Top of Supplied records

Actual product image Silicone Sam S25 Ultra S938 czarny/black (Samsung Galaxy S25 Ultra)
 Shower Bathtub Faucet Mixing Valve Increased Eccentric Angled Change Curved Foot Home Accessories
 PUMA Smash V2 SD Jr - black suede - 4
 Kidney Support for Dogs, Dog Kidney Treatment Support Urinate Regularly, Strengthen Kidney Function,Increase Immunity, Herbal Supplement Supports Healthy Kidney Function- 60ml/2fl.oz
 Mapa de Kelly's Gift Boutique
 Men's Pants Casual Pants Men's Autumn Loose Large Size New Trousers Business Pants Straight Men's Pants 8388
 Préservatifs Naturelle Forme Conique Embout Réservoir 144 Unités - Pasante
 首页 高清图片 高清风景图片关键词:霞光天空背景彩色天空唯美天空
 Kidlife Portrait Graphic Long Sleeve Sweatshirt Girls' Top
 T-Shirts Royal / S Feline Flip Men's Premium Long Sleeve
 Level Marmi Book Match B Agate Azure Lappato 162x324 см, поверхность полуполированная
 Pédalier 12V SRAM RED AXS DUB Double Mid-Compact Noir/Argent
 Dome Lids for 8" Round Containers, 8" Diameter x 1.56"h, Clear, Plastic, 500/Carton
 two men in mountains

Bottom of Supplied records

### Requirement
Go through the listing above and find each line containing the string "Long"; copy those lines.

### Response area
 Kidlife Portrait Graphic Long Sleeve Sweatshirt Girls' Top
 T-Shirts Royal / S Feline Flip Men's Premium Long Sleeve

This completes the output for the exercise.